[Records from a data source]
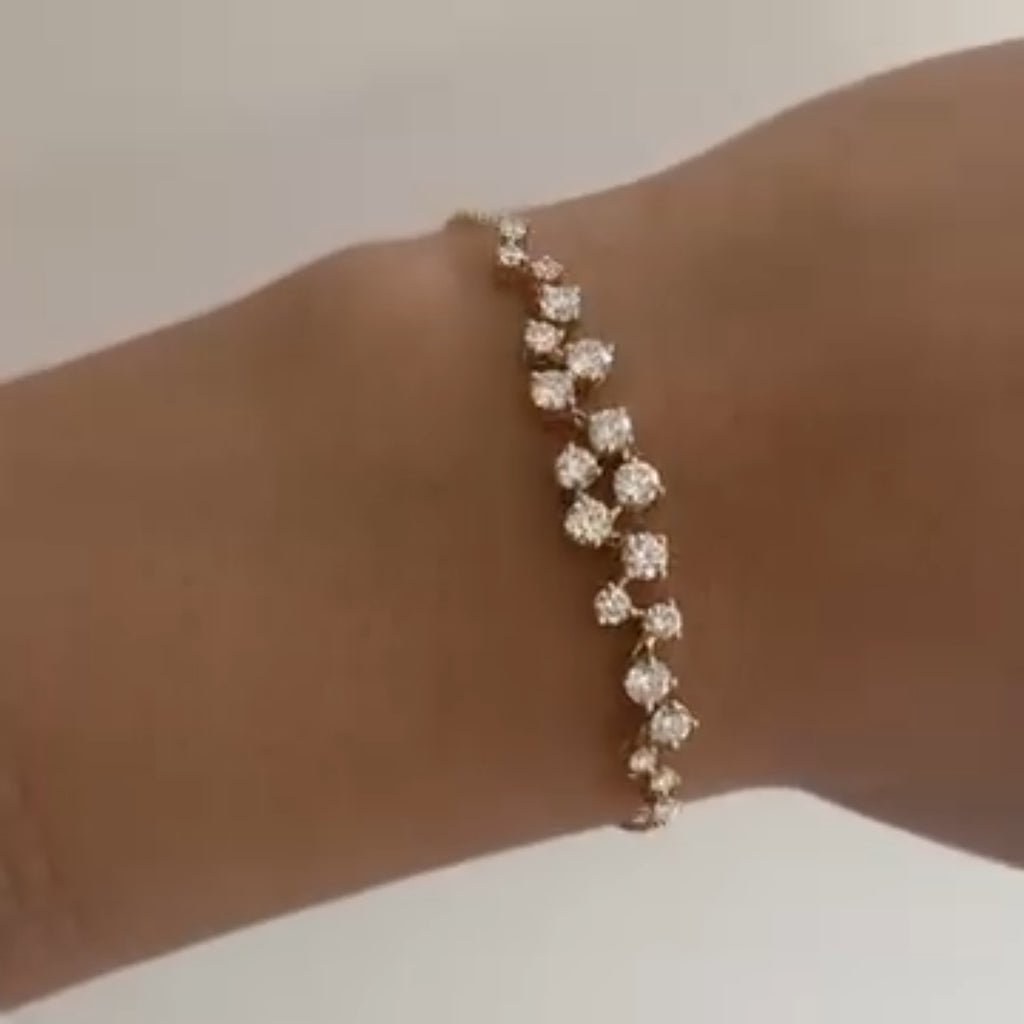 Luxury Jewelry Unique Golden Round Cut White Sapphire Bracelet For Women
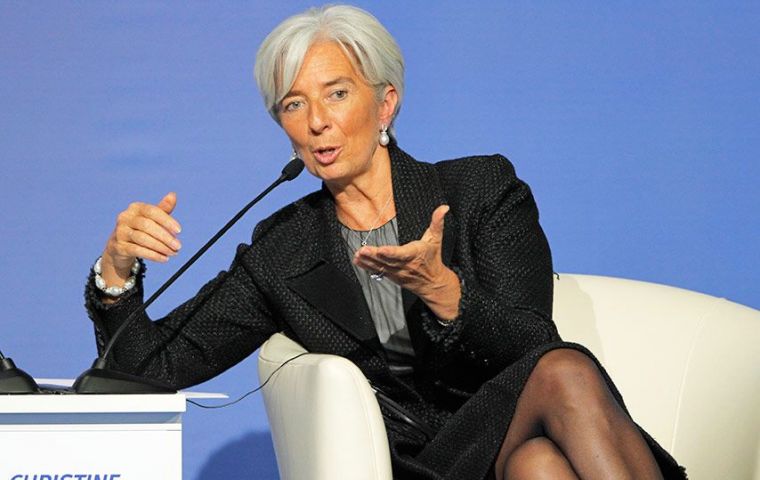 “Sí, soy candidata a un segundo mandato”, afirmó Lagarde al canal francés de televisión France 2.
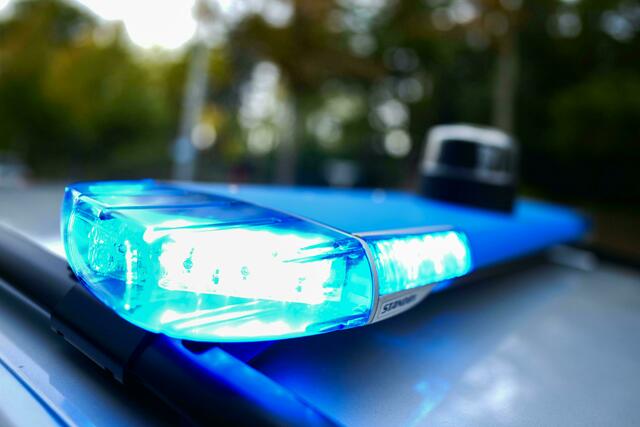 Eine 16-jährige Jugendliche soll am 25. Juni von zwei Männern am Areal des Public Viewings am Rathausplatz vergewaltigt worden sein. (Symbolbild) | Foto: EVA MANHART / APA / picturedesk.com 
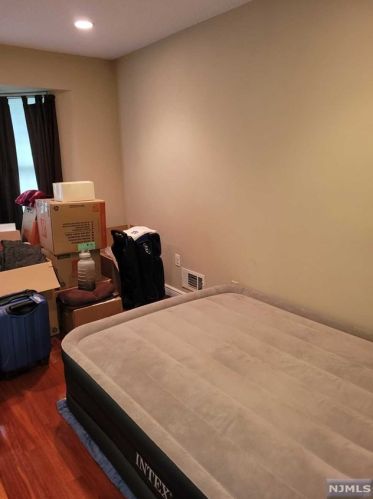 578 Holly Ct, Mahwah NJ 07430-3437 exterior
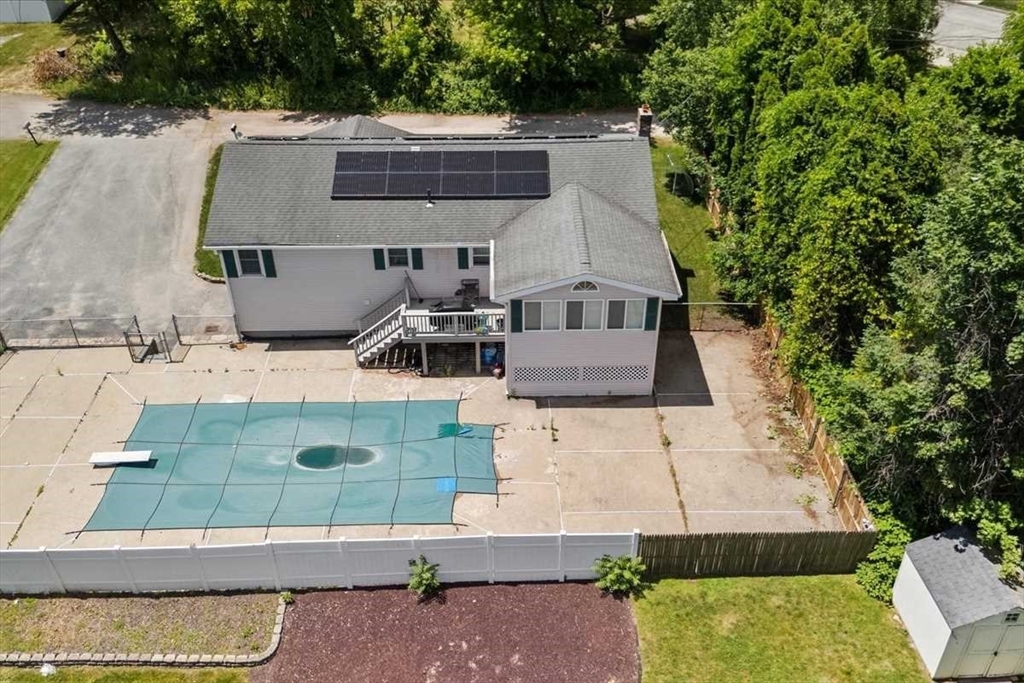 11 Dunkirk Ave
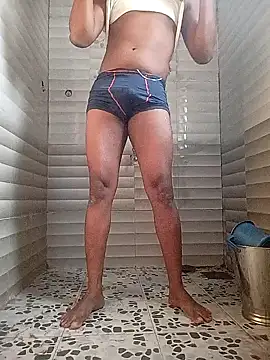 Snapshot of MrNick74 chatting on December 14, 2024, 9:18 am MrNick74 online show from December 14, 2024, 9:18 am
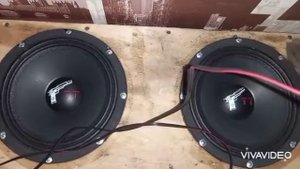 подключил 2 СЧ Урал ТТ200 от колонки JBL. Треш ( не повторять)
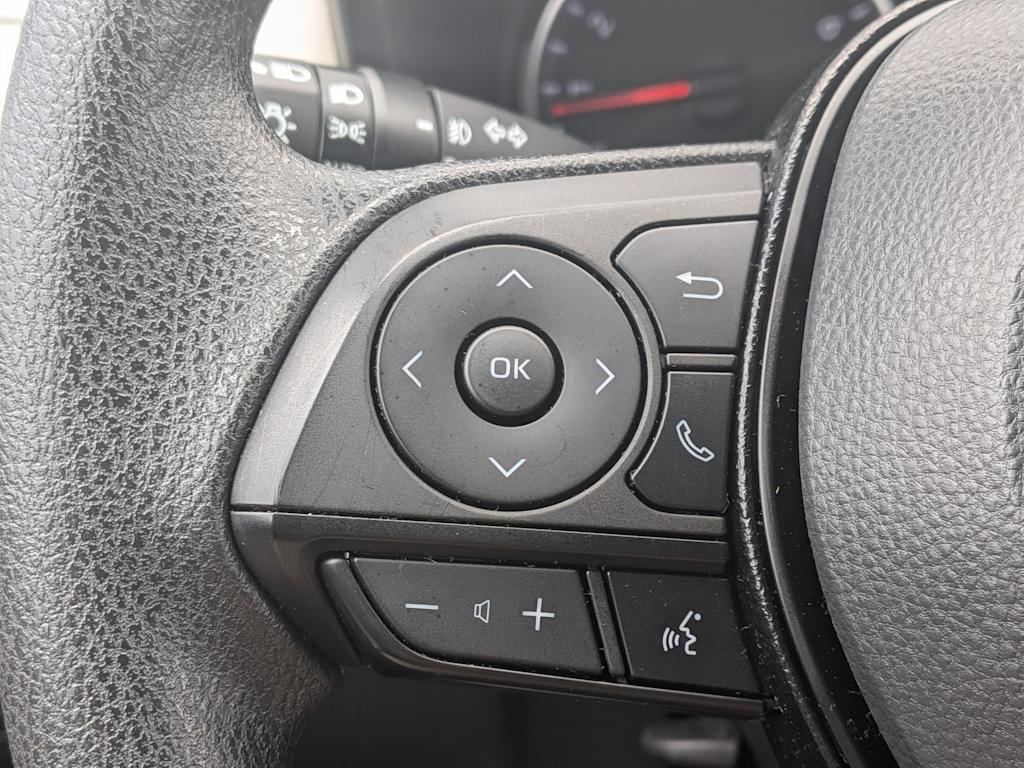 Thumbnail: 2021 Toyota RAV4 - 29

--- Task ---
Restate word for word every line from the one with "Eine 16-jährige Jugendliche" up to and including the one with "Snapshot of MrNick74" in the records above, minus the pictures.

--- Solution ---
 Eine 16-jährige Jugendliche soll am 25. Juni von zwei Männern am Areal des Public Viewings am Rathausplatz vergewaltigt worden sein. (Symbolbild) | Foto: EVA MANHART / APA / picturedesk.com 
 578 Holly Ct, Mahwah NJ 07430-3437 exterior
 11 Dunkirk Ave
 Snapshot of MrNick74 chatting on December 14, 2024, 9:18 am MrNick74 online show from December 14, 2024, 9:18 am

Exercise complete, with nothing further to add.